• _Brief_: Each entry must be restated word for word, with nothing omitted.

• _Source data_:
- - - - -
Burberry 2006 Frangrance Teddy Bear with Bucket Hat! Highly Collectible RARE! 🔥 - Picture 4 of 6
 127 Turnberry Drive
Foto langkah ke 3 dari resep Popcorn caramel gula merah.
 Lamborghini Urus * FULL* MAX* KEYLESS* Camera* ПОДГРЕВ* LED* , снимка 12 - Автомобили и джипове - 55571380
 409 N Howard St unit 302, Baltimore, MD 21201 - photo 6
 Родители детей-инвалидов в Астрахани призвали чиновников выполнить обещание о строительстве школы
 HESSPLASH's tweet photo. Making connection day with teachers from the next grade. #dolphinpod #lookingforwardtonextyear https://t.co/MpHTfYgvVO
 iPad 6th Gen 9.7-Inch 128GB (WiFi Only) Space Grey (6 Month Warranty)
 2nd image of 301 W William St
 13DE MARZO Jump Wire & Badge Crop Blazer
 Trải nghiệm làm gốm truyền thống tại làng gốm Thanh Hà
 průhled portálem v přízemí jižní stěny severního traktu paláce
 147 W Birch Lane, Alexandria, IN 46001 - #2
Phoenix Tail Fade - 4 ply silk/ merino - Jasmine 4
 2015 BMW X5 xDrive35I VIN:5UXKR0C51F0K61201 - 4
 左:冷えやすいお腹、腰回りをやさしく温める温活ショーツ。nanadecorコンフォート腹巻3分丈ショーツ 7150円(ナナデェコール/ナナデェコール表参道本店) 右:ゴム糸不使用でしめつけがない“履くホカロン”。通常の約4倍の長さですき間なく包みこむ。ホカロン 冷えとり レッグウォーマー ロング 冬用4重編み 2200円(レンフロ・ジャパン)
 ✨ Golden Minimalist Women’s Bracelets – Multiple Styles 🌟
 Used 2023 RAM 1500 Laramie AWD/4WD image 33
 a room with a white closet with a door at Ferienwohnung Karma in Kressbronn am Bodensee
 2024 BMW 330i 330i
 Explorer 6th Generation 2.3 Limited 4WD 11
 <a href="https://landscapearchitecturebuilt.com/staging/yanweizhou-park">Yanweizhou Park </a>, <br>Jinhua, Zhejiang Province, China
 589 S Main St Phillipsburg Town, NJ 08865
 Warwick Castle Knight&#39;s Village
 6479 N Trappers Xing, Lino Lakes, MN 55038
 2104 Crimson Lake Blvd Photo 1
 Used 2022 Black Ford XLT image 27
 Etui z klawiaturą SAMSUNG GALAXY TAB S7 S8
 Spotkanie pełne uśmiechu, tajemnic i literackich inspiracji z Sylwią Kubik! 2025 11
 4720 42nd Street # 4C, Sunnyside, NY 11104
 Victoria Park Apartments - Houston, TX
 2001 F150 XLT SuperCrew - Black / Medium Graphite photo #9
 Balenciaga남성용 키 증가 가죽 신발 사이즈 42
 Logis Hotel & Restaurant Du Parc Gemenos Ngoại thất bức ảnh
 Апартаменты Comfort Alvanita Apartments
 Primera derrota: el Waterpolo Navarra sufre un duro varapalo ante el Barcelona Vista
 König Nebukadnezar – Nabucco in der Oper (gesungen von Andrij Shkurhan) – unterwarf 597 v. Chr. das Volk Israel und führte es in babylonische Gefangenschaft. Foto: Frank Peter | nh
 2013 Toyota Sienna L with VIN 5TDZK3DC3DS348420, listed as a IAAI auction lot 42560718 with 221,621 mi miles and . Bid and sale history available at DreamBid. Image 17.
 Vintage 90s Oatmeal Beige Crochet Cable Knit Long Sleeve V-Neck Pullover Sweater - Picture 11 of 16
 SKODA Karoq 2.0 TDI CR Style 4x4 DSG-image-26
- - - - -
• _Solved problem_:
Burberry 2006 Frangrance Teddy Bear with Bucket Hat! Highly Collectible RARE! 🔥 - Picture 4 of 6
 127 Turnberry Drive
Foto langkah ke 3 dari resep Popcorn caramel gula merah.
 Lamborghini Urus * FULL* MAX* KEYLESS* Camera* ПОДГРЕВ* LED* , снимка 12 - Автомобили и джипове - 55571380
 409 N Howard St unit 302, Baltimore, MD 21201 - photo 6
 Родители детей-инвалидов в Астрахани призвали чиновников выполнить обещание о строительстве школы
 HESSPLASH's tweet photo. Making connection day with teachers from the next grade. #dolphinpod #lookingforwardtonextyear https://t.co/MpHTfYgvVO
 iPad 6th Gen 9.7-Inch 128GB (WiFi Only) Space Grey (6 Month Warranty)
 2nd image of 301 W William St
 13DE MARZO Jump Wire & Badge Crop Blazer
 Trải nghiệm làm gốm truyền thống tại làng gốm Thanh Hà
 průhled portálem v přízemí jižní stěny severního traktu paláce
 147 W Birch Lane, Alexandria, IN 46001 - #2
Phoenix Tail Fade - 4 ply silk/ merino - Jasmine 4
 2015 BMW X5 xDrive35I VIN:5UXKR0C51F0K61201 - 4
 左:冷えやすいお腹、腰回りをやさしく温める温活ショーツ。nanadecorコンフォート腹巻3分丈ショーツ 7150円(ナナデェコール/ナナデェコール表参道本店) 右:ゴム糸不使用でしめつけがない“履くホカロン”。通常の約4倍の長さですき間なく包みこむ。ホカロン 冷えとり レッグウォーマー ロング 冬用4重編み 2200円(レンフロ・ジャパン)
 ✨ Golden Minimalist Women’s Bracelets – Multiple Styles 🌟
 Used 2023 RAM 1500 Laramie AWD/4WD image 33
 a room with a white closet with a door at Ferienwohnung Karma in Kressbronn am Bodensee
 2024 BMW 330i 330i
 Explorer 6th Generation 2.3 Limited 4WD 11
 <a href="https://landscapearchitecturebuilt.com/staging/yanweizhou-park">Yanweizhou Park </a>, <br>Jinhua, Zhejiang Province, China
 589 S Main St Phillipsburg Town, NJ 08865
 Warwick Castle Knight&#39;s Village
 6479 N Trappers Xing, Lino Lakes, MN 55038
 2104 Crimson Lake Blvd Photo 1
 Used 2022 Black Ford XLT image 27
 Etui z klawiaturą SAMSUNG GALAXY TAB S7 S8
 Spotkanie pełne uśmiechu, tajemnic i literackich inspiracji z Sylwią Kubik! 2025 11
 4720 42nd Street # 4C, Sunnyside, NY 11104
 Victoria Park Apartments - Houston, TX
 2001 F150 XLT SuperCrew - Black / Medium Graphite photo #9
 Balenciaga남성용 키 증가 가죽 신발 사이즈 42
 Logis Hotel & Restaurant Du Parc Gemenos Ngoại thất bức ảnh
 Апартаменты Comfort Alvanita Apartments
 Primera derrota: el Waterpolo Navarra sufre un duro varapalo ante el Barcelona Vista
 König Nebukadnezar – Nabucco in der Oper (gesungen von Andrij Shkurhan) – unterwarf 597 v. Chr. das Volk Israel und führte es in babylonische Gefangenschaft. Foto: Frank Peter | nh
 2013 Toyota Sienna L with VIN 5TDZK3DC3DS348420, listed as a IAAI auction lot 42560718 with 221,621 mi miles and . Bid and sale history available at DreamBid. Image 17.
 Vintage 90s Oatmeal Beige Crochet Cable Knit Long Sleeve V-Neck Pullover Sweater - Picture 11 of 16
 SKODA Karoq 2.0 TDI CR Style 4x4 DSG-image-26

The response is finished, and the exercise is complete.